In 2009 moratorium was declared on checks of private entrepreneurs but the number of administrative cases initiated by controlling bodies decreased insignificantly. Is a controlling body always right and what is to be done if there are doubts about its rightfulness? What is minor offence and in what cases can a court  release from responsibility on the basis of insignificance?  These and other questions were answered by Eduard Maksimovich, Deputy Chairman of the Economic Court of Minsk, and “Argument” Law Group senior partner Denis Aleinikov within the framework of his own ‘The Letter of the Law’ program.

What are the categories of cases over which the Economic Court considers disputes with controlling bodies presently?    

Main category where we deal with the state bodies and results of their controlling activities, are administrative cases. These are the most cases considered by the Economic Court as a result of check-ups: the number of administrative cases considered by the Economic Court in 2009 is 2467.

Administrative cases, in turn, can be subdivided into two categories: the cases considered by the EC on administrative materials that came from controlling bodies, and the cases on verification by the EC of legality and validity of regulations already adopted by the controlling bodies on administrative cases. There is one more category of cases over which we dispute with controlling bodies: appealing actions or inactions of officials of state bodies and non-normative legal acts. Consideration of these cases takes place in accordance with the procedure stated in the Code of Practice of the Economic Court of the Republic of Belarus.

Aleinikov-Maksimovich

 

What was the change in the number of administrative cases on the work of controlling bodies last year?  

In fact, the number of such cases has changed insignificantly. Still, it decreased: if in 2008 it was   2565, in 2009 it became 2467.

 

In 2008 there was no moratorium on the checks, as for 2009 such moratorium was declared by the Head of State. Why was the decrease of administrative cases so insignificant? 

After adoption of Decree No. 689 ‘On Suspension of Controlling and Supervisory Activities’ we can say about the change in nature of protocols of administrative cases which come to the Economic Court as well as about the change in proportion of cases coming from different bodies. For example, the number of administrative cases which come from the tax inspectorate, on the contrary, increased in 2009, and those from other bodies, such as the State Control Committee,  the Department of Financial Investigations, internal affairs bodies – somewhat decreased.

There was also a change in the character of imputed administrative offences.  As a result of well-timed control, there was an increase in the number of administrative materials on offences which had been evident either during raid checks or were reported to controlling bodies. This is, for example, i. 12.35 “Violation of Legislative Requirements for Marking of Goods with Control (Identification) Marks”. Facts of violation of these requirements are evident on markets, at places of selling goods, trade kiosks.  There was an increase in the number of administrative cases envisaged by Part 4, i. 12.17 of ‘Administrative Offences Code’ especially as regards transporting when, in the course of operative activities, vehicles carrying goods are stopped and no accompanying documents are found which confirm legality of these goods. As a result of these activities, relative protocols are drawn up.

 

What do statistical data show as regards cases - initiated, considered, dropped - in the context of controlling bodies?   
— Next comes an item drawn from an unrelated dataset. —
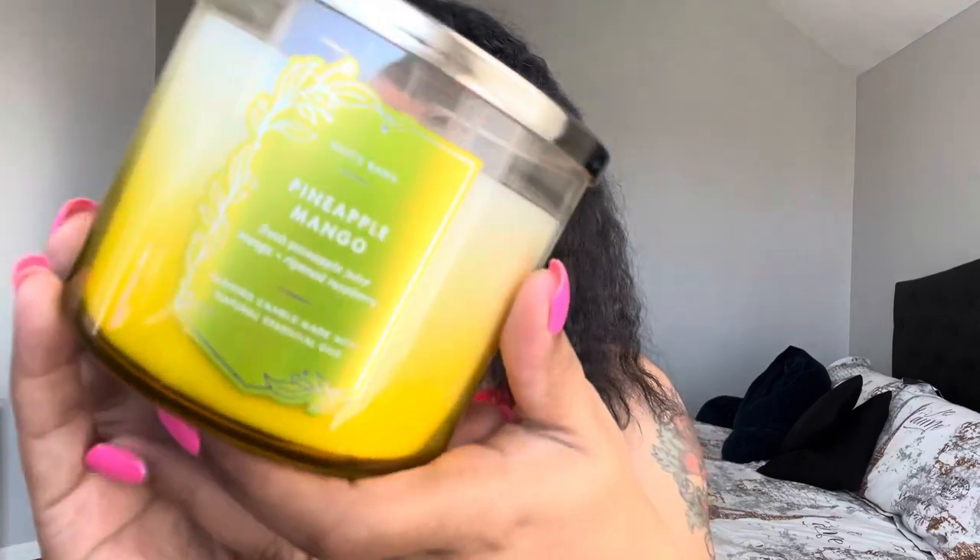Now the last three candles are all from the tropical line. First is Pineapple Mango — I've had this before and I love it. Notes are fresh pineapple juice, mango, and vine-ripened raspberry. It smells so good every single time — one of the best tropical candles to burn in the summertime. I do get a bit of raspberry but it's not heavy. I've picked this up almost every year since it's been out. They also came out with the Pineapple Mango body care this year and I definitely picked that up.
Besides the main ‘supplier’ of administrative materials, that is, tax inspectorates, one can also mention internal affairs bodies: during 2009, 135 administrative cases were initiated, 52 – from the Department of Financial Investigations of the State Control, 5 – from the State Control Committee, and several administrative cases came from the Department of Protection of the Ministry of Internal Affairs. Administrative cases for violation of price formation (i.12.04, 12.06) initiated earlier by Minsk Regional Executive Committee stopped coming. Like no other body it felt the declaration of moratorium on checks.

 

How often does the court disagree with the position of the controlling body stated in the materials of the check? 

Circumstances which exclude administrative process are envisaged by i. 9.6 of the Administrative Offences Procedures Code of the Republic of Belarus. They are: non-occurrence of event of an administrative offence, absence of an administrative offence in a deed,       termination of imposition of an administrative offence, adoption of a legislative act eliminating administrative responsibility. There are more than these ones, I just mentioned the most frequent, which envisage termination of an administrative process with respect to a natural person. Same basis is applied with respect to legal entities and individual businessmen. The Economic Court   drops administrative cases more often because of absence of an administrative offence in the deed.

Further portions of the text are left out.